[Stored data entries]
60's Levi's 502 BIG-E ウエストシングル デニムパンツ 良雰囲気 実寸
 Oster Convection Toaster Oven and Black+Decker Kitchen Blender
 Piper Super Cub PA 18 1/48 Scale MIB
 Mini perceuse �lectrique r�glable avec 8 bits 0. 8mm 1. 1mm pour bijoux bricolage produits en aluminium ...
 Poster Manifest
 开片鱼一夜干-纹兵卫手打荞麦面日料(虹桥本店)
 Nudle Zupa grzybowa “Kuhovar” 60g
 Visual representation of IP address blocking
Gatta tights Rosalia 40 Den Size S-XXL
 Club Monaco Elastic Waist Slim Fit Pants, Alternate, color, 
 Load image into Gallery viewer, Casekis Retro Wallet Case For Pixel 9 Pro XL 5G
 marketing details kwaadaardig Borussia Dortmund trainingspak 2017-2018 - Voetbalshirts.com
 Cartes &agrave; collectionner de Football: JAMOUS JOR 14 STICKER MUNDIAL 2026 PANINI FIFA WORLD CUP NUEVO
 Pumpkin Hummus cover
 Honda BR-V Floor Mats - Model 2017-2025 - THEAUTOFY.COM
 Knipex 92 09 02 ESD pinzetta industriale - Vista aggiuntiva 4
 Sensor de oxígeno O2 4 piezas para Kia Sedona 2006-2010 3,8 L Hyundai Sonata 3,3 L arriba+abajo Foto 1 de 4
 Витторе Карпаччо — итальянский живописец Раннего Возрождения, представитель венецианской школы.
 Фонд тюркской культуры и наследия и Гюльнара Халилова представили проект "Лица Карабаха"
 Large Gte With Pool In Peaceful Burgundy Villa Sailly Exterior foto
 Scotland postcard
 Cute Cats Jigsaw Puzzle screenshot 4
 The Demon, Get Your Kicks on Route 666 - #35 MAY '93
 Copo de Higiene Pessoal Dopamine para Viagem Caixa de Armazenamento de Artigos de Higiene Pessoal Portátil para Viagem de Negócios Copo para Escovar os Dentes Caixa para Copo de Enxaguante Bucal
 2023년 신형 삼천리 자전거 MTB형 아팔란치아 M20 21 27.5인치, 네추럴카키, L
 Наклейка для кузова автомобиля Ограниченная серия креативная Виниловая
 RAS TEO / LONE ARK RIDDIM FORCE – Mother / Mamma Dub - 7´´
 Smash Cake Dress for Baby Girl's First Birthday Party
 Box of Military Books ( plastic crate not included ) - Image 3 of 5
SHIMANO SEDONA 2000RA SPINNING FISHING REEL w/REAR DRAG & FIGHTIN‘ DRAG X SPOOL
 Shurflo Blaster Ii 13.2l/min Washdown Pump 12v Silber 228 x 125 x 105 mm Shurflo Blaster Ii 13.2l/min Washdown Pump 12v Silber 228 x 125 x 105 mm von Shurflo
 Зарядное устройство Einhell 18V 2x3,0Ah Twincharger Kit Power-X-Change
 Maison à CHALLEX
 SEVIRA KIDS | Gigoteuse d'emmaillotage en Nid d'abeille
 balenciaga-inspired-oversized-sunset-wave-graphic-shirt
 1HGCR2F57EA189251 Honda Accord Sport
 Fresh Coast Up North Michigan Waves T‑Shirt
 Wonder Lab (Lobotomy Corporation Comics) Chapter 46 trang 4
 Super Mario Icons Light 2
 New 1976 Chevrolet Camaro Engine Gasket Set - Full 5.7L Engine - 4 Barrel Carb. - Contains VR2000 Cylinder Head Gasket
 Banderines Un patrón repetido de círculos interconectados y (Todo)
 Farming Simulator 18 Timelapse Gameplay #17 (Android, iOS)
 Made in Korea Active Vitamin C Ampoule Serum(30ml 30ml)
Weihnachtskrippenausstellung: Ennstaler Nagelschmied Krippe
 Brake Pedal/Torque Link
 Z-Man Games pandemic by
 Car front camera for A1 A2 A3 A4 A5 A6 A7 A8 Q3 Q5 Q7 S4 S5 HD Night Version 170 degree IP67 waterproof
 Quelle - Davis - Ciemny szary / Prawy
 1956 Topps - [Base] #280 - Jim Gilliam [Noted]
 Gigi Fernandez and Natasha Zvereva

What you have to do:
The records must each be output verbatim, with nothing left out.

Exercise response:
60's Levi's 502 BIG-E ウエストシングル デニムパンツ 良雰囲気 実寸
 Oster Convection Toaster Oven and Black+Decker Kitchen Blender
 Piper Super Cub PA 18 1/48 Scale MIB
 Mini perceuse �lectrique r�glable avec 8 bits 0. 8mm 1. 1mm pour bijoux bricolage produits en aluminium ...
 Poster Manifest
 开片鱼一夜干-纹兵卫手打荞麦面日料(虹桥本店)
 Nudle Zupa grzybowa “Kuhovar” 60g
 Visual representation of IP address blocking
Gatta tights Rosalia 40 Den Size S-XXL
 Club Monaco Elastic Waist Slim Fit Pants, Alternate, color, 
 Load image into Gallery viewer, Casekis Retro Wallet Case For Pixel 9 Pro XL 5G
 marketing details kwaadaardig Borussia Dortmund trainingspak 2017-2018 - Voetbalshirts.com
 Cartes &agrave; collectionner de Football: JAMOUS JOR 14 STICKER MUNDIAL 2026 PANINI FIFA WORLD CUP NUEVO
 Pumpkin Hummus cover
 Honda BR-V Floor Mats - Model 2017-2025 - THEAUTOFY.COM
 Knipex 92 09 02 ESD pinzetta industriale - Vista aggiuntiva 4
 Sensor de oxígeno O2 4 piezas para Kia Sedona 2006-2010 3,8 L Hyundai Sonata 3,3 L arriba+abajo Foto 1 de 4
 Витторе Карпаччо — итальянский живописец Раннего Возрождения, представитель венецианской школы.
 Фонд тюркской культуры и наследия и Гюльнара Халилова представили проект "Лица Карабаха"
 Large Gte With Pool In Peaceful Burgundy Villa Sailly Exterior foto
 Scotland postcard
 Cute Cats Jigsaw Puzzle screenshot 4
 The Demon, Get Your Kicks on Route 666 - #35 MAY '93
 Copo de Higiene Pessoal Dopamine para Viagem Caixa de Armazenamento de Artigos de Higiene Pessoal Portátil para Viagem de Negócios Copo para Escovar os Dentes Caixa para Copo de Enxaguante Bucal
 2023년 신형 삼천리 자전거 MTB형 아팔란치아 M20 21 27.5인치, 네추럴카키, L
 Наклейка для кузова автомобиля Ограниченная серия креативная Виниловая
 RAS TEO / LONE ARK RIDDIM FORCE – Mother / Mamma Dub - 7´´
 Smash Cake Dress for Baby Girl's First Birthday Party
 Box of Military Books ( plastic crate not included ) - Image 3 of 5
SHIMANO SEDONA 2000RA SPINNING FISHING REEL w/REAR DRAG & FIGHTIN‘ DRAG X SPOOL
 Shurflo Blaster Ii 13.2l/min Washdown Pump 12v Silber 228 x 125 x 105 mm Shurflo Blaster Ii 13.2l/min Washdown Pump 12v Silber 228 x 125 x 105 mm von Shurflo
 Зарядное устройство Einhell 18V 2x3,0Ah Twincharger Kit Power-X-Change
 Maison à CHALLEX
 SEVIRA KIDS | Gigoteuse d'emmaillotage en Nid d'abeille
 balenciaga-inspired-oversized-sunset-wave-graphic-shirt
 1HGCR2F57EA189251 Honda Accord Sport
 Fresh Coast Up North Michigan Waves T‑Shirt
 Wonder Lab (Lobotomy Corporation Comics) Chapter 46 trang 4
 Super Mario Icons Light 2
 New 1976 Chevrolet Camaro Engine Gasket Set - Full 5.7L Engine - 4 Barrel Carb. - Contains VR2000 Cylinder Head Gasket
 Banderines Un patrón repetido de círculos interconectados y (Todo)
 Farming Simulator 18 Timelapse Gameplay #17 (Android, iOS)
 Made in Korea Active Vitamin C Ampoule Serum(30ml 30ml)
Weihnachtskrippenausstellung: Ennstaler Nagelschmied Krippe
 Brake Pedal/Torque Link
 Z-Man Games pandemic by
 Car front camera for A1 A2 A3 A4 A5 A6 A7 A8 Q3 Q5 Q7 S4 S5 HD Night Version 170 degree IP67 waterproof
 Quelle - Davis - Ciemny szary / Prawy
 1956 Topps - [Base] #280 - Jim Gilliam [Noted]
 Gigi Fernandez and Natasha Zvereva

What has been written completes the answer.